I took one of the semi-feral cats to a low cost clinic to have her spayed today, and they asked if I wanted her ear tipped. I've never heard of that before (I thought that meant they would clean her ears!!), so I said yes. Now she's back with part of her ear cut off??? Is this a universal symbol showing she's spayed, or what?


----------



## jessamica8 (Aug 17, 2004)

Yes, I have heard of that being done in many areas; many times you will notice ferals/strays have a notch in their ear, and that means they have been altered and released. (Though I'm sure more than a few of those notchings result from fights as well.)

I bet that was a shock since you didn't realize what they were talking about!


----------



## spacemonkey (Aug 12, 2004)

Okay, I'm really curious now. Beeper was a feral. Beeper has ear notches (symmetrical on both ears). We never had her spayed oops, but she's never gone into heat or anything. But....

That was 14 years ago. I didn't think they were doing TNR back then, at least not in our area. Hmmmm....... :?


----------



## jessamica8 (Aug 17, 2004)

spacemonkey said:


> That was 14 years ago. I didn't think they were doing TNR back then, at least not in our area. Hmmmm....... :?


Interesting, I guess you'll never know. I do know that I've read of a few groups who started TNR programs around the late 80's - I guess that would have been around the time you got Beeper - maybe it's possible.


----------



## Hippyhart (Jul 4, 2004)

It was a shock to see part of her ear missing. This is more than a notch...the whole top of her ear (probably a good 1/2 inch) was cut straight across. I guess it just looks bad now, but my boyfriend keeps reassuring me once it is healed, it won't be as noticeable.
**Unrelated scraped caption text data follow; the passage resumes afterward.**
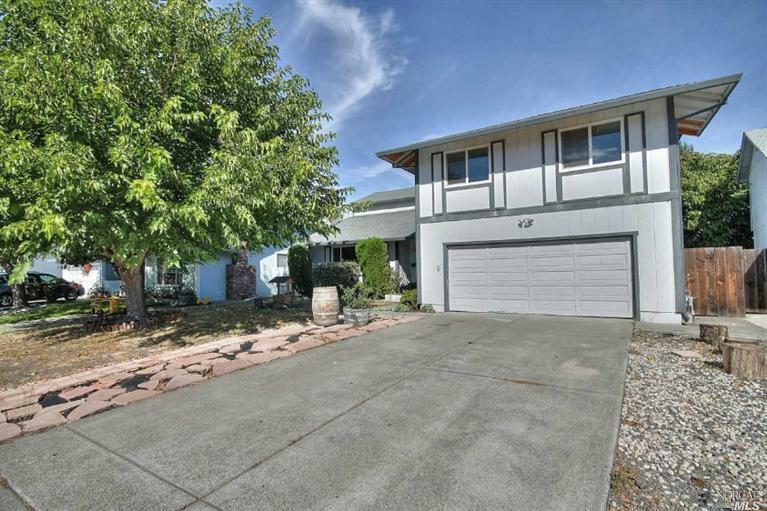 Property Photo:  1121 Santa Clara Lane  CA 94954 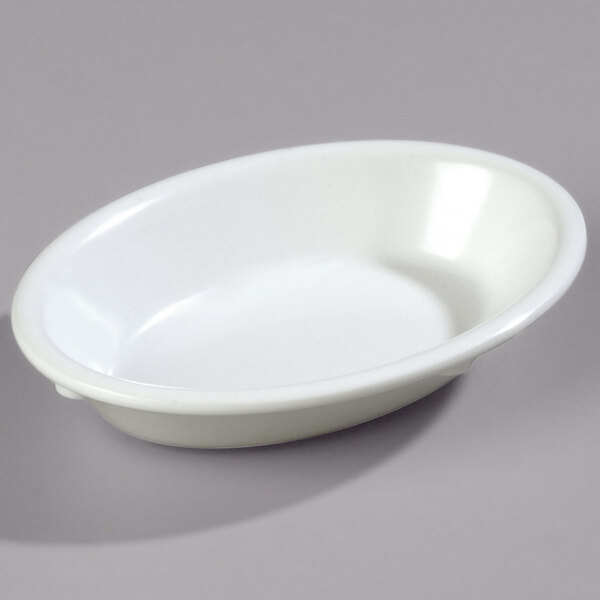 Carlisle 4353302 Dallas Ware 6.5 oz. White Oval Fruit Bowl - 48/Case Carlisle 4353302 Dallas Ware 6.5 oz. White Oval Fruit Bowl - 48/Case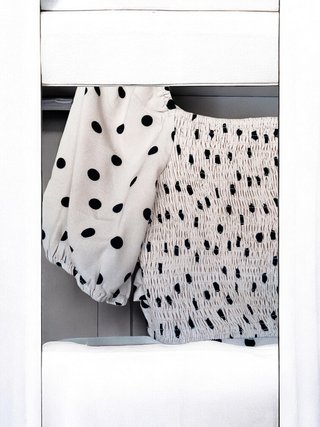 Top lunares beige y negro
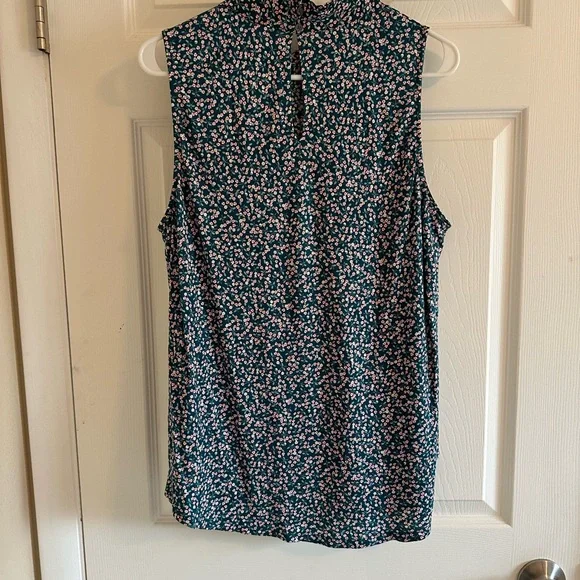 LOFT Womens Large Sleeveless Blouse- NWT! - Picture 6 of 6
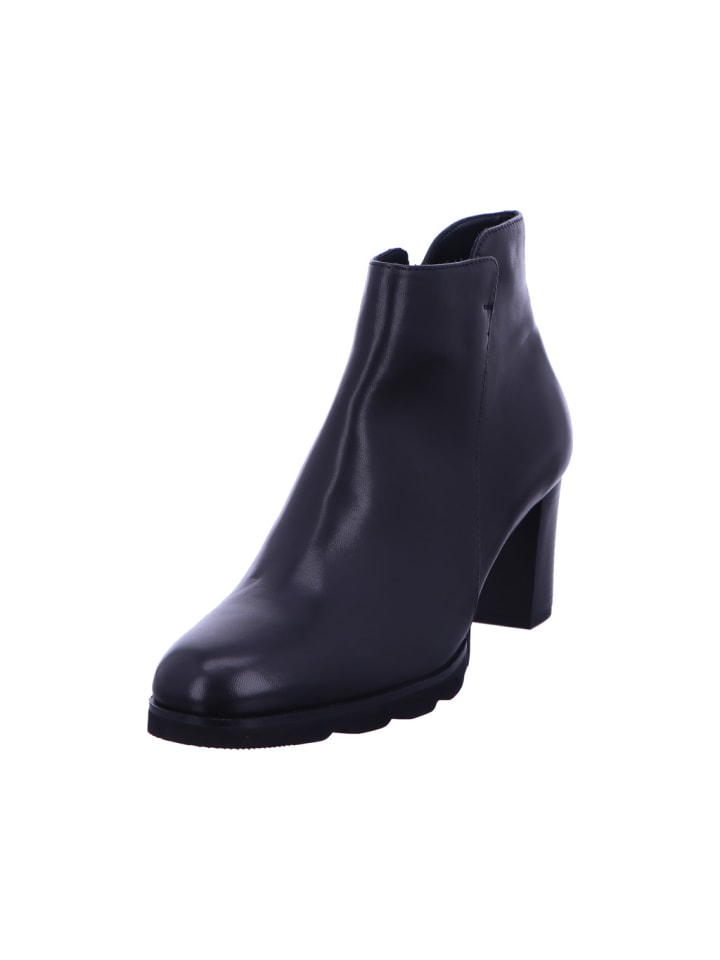 Stiefel in schwarz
I know it's for her own good; I just hope it doesn't hurt her chances of ever finding a forever home


----------



## jessamica8 (Aug 17, 2004)

I was talking to Abhay (spittles), and as she works with TNR'ing ferals she asked me to post this:



> Ear-tipping is a great tool with ferals. It is done while the cats are being fixed, and there is little or no bleeding...it's feels pretty much the same as you getting a paper-cut. Ear-tipping helps with identifying which cats have been fixed...try having twin cats and not knowing which has been fixed already! Some Animal Control shelters won't take feral cats with their ear tipped because it indicates they are spayed/neutered, vaccinated, and cared for. Some vets tip the ear way down, some only tip the top. Other vets punch a hole in the ear...you do not want that! If the vet punches a hole, the hair will eventually grow over and you can't see it. When vets tip the ear, they are supposed to take 1/4 of it off. They also cauterize the ear when it's done so it heals quick. I would say unless the cat is going to be adopted out later in life, ear-tip him/her. But even if the cat is going to be adopted later, if the person really wants and loves this cat, they won't care about the ear at all. There are quite a few cats up for adoption that have their ear tipped because they were wild years before.
> 
> Good Luck!
> Abhay


----------



## Hippyhart (Jul 4, 2004)

Thank you for checking on that! You're absolutely right, if someone loves this cat and wants her for a pet, they won't care what she looks like. I guess I'm just really attached to her...I've been feeding her off my front porch since she was a kitten (and feeding her mother before that!), and she is really friendly and sweet, which is why I think eventually she will be someone's pet (who knows, maybe mine?).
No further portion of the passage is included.